In the entries that follow, the first line to write out is the one containing "2 Carat Oval", and the last is the one containing "Young brunette guy". Reproduce that stretch exactly, with nothing before or after it.
[DATA LISTING Boundary: Start]
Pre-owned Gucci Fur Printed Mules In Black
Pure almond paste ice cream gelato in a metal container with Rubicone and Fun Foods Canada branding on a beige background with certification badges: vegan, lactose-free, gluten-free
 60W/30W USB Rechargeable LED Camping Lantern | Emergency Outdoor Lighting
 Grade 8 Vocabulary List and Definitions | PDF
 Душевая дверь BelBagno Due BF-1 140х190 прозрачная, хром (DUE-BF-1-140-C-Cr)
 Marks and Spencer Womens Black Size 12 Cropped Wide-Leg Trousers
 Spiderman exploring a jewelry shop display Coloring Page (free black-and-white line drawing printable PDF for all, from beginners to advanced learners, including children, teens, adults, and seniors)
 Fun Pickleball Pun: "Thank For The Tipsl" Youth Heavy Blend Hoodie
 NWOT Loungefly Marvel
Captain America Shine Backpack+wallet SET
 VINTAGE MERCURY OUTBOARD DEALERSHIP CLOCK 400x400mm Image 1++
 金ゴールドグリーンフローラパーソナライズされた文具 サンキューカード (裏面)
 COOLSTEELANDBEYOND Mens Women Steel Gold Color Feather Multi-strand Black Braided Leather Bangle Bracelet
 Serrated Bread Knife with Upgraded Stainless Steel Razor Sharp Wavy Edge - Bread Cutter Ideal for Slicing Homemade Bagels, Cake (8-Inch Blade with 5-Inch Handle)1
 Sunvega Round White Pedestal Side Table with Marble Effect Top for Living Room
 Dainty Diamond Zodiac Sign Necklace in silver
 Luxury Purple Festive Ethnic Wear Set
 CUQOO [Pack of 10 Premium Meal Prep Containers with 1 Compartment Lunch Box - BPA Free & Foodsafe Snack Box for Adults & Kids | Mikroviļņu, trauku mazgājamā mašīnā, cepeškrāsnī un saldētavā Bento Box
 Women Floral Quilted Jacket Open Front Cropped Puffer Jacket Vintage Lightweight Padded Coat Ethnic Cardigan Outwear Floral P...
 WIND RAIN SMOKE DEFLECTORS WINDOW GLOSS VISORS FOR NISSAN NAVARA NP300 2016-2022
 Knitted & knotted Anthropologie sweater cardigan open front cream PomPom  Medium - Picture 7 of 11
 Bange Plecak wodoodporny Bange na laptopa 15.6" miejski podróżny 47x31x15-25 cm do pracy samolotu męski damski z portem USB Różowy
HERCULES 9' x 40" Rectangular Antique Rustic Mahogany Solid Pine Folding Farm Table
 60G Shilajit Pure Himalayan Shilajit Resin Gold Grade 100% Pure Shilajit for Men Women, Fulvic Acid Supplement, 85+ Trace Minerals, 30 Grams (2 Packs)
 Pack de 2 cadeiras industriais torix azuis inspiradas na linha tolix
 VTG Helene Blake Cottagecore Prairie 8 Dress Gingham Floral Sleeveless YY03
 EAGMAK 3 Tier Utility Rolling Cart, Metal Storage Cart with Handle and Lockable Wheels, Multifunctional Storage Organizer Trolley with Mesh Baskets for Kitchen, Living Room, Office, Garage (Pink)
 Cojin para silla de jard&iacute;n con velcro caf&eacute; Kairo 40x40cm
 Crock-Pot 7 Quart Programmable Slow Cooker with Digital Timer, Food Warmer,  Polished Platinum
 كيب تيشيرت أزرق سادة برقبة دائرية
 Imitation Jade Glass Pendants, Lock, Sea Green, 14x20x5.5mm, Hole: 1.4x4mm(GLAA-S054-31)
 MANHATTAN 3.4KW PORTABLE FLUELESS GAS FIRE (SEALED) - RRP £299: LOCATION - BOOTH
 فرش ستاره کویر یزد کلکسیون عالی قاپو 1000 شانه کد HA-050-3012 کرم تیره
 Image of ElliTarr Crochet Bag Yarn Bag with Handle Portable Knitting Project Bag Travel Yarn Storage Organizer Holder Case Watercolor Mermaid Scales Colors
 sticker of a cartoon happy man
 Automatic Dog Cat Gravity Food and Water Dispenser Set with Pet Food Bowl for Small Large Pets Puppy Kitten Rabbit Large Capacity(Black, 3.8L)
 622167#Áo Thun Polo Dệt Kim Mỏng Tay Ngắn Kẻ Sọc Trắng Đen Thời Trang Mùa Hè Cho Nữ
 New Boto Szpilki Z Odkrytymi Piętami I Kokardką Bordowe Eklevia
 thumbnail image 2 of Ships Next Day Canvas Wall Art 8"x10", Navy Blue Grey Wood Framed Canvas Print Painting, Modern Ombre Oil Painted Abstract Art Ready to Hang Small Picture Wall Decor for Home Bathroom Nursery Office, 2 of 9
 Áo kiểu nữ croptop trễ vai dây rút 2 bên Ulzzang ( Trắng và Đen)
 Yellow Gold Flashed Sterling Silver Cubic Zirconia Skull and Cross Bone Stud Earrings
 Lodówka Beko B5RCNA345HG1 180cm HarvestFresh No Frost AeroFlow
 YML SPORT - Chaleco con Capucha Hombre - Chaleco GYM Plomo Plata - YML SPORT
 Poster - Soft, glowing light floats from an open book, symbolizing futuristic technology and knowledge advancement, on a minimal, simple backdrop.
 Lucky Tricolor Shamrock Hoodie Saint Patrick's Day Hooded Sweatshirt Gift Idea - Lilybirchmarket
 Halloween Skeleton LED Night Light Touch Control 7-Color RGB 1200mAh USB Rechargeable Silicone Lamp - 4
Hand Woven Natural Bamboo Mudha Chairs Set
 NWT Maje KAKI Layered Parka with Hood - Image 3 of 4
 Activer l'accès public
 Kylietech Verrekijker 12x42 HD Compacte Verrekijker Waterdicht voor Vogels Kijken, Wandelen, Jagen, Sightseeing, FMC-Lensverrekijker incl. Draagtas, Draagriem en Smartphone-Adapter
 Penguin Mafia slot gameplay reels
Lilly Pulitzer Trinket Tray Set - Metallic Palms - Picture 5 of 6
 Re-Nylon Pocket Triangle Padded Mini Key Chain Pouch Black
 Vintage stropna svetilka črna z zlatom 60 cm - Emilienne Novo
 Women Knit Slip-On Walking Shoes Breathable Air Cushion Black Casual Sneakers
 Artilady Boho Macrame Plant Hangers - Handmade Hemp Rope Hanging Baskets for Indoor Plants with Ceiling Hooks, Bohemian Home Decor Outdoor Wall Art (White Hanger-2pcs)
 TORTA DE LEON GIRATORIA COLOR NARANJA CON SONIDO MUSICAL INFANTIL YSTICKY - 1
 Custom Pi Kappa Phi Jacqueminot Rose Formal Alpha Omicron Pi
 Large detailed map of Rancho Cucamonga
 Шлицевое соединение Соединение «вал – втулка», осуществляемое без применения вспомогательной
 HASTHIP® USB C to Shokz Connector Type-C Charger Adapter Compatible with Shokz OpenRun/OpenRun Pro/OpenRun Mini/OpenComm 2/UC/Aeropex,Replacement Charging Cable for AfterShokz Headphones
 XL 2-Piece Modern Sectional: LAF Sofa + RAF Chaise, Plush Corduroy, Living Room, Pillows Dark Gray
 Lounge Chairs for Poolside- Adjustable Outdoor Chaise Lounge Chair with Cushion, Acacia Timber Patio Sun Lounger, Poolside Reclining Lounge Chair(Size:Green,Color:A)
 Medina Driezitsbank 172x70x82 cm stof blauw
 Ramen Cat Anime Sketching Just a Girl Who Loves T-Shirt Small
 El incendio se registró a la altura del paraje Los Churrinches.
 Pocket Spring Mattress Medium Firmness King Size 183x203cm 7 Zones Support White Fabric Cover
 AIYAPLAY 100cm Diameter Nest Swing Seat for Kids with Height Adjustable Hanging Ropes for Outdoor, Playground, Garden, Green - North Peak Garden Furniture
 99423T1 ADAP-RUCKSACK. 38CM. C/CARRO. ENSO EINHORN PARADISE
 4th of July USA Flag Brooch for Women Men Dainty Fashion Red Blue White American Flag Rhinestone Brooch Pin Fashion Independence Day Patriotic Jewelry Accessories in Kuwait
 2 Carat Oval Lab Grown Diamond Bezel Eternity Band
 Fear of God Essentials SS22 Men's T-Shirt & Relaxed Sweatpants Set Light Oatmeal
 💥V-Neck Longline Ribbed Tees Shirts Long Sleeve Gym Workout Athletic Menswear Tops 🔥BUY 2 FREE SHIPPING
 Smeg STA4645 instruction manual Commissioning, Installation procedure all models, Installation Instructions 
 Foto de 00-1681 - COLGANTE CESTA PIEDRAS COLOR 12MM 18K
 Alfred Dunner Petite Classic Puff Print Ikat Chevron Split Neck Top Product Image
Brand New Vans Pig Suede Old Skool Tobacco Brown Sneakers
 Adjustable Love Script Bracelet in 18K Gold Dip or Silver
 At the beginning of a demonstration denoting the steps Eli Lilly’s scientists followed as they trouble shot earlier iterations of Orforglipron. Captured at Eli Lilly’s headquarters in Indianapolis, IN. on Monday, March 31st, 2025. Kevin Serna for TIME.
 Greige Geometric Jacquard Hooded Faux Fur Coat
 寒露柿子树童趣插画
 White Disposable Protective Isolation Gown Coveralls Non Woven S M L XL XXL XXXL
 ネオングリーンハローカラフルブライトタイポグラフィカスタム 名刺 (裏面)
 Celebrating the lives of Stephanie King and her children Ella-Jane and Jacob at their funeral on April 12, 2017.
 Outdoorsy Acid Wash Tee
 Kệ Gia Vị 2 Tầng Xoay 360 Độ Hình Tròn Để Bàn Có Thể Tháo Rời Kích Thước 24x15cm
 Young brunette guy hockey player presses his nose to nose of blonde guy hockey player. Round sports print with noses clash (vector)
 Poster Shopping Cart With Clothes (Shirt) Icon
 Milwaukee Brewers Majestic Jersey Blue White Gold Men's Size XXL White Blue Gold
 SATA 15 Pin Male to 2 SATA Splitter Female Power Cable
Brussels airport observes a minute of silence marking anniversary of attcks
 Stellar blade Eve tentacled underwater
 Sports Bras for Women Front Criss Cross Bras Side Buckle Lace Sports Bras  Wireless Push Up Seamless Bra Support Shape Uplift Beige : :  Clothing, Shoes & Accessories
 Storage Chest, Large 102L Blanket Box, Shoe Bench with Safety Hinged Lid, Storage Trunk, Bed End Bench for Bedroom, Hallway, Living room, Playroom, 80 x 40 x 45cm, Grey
[DATA LISTING Boundary: End]
SOLUTION TO THE PROBLEM
 2 Carat Oval Lab Grown Diamond Bezel Eternity Band
 Fear of God Essentials SS22 Men's T-Shirt & Relaxed Sweatpants Set Light Oatmeal
 💥V-Neck Longline Ribbed Tees Shirts Long Sleeve Gym Workout Athletic Menswear Tops 🔥BUY 2 FREE SHIPPING
 Smeg STA4645 instruction manual Commissioning, Installation procedure all models, Installation Instructions 
 Foto de 00-1681 - COLGANTE CESTA PIEDRAS COLOR 12MM 18K
 Alfred Dunner Petite Classic Puff Print Ikat Chevron Split Neck Top Product Image
Brand New Vans Pig Suede Old Skool Tobacco Brown Sneakers
 Adjustable Love Script Bracelet in 18K Gold Dip or Silver
 At the beginning of a demonstration denoting the steps Eli Lilly’s scientists followed as they trouble shot earlier iterations of Orforglipron. Captured at Eli Lilly’s headquarters in Indianapolis, IN. on Monday, March 31st, 2025. Kevin Serna for TIME.
 Greige Geometric Jacquard Hooded Faux Fur Coat
 寒露柿子树童趣插画
 White Disposable Protective Isolation Gown Coveralls Non Woven S M L XL XXL XXXL
 ネオングリーンハローカラフルブライトタイポグラフィカスタム 名刺 (裏面)
 Celebrating the lives of Stephanie King and her children Ella-Jane and Jacob at their funeral on April 12, 2017.
 Outdoorsy Acid Wash Tee
 Kệ Gia Vị 2 Tầng Xoay 360 Độ Hình Tròn Để Bàn Có Thể Tháo Rời Kích Thước 24x15cm
 Young brunette guy hockey player presses his nose to nose of blonde guy hockey player. Round sports print with noses clash (vector)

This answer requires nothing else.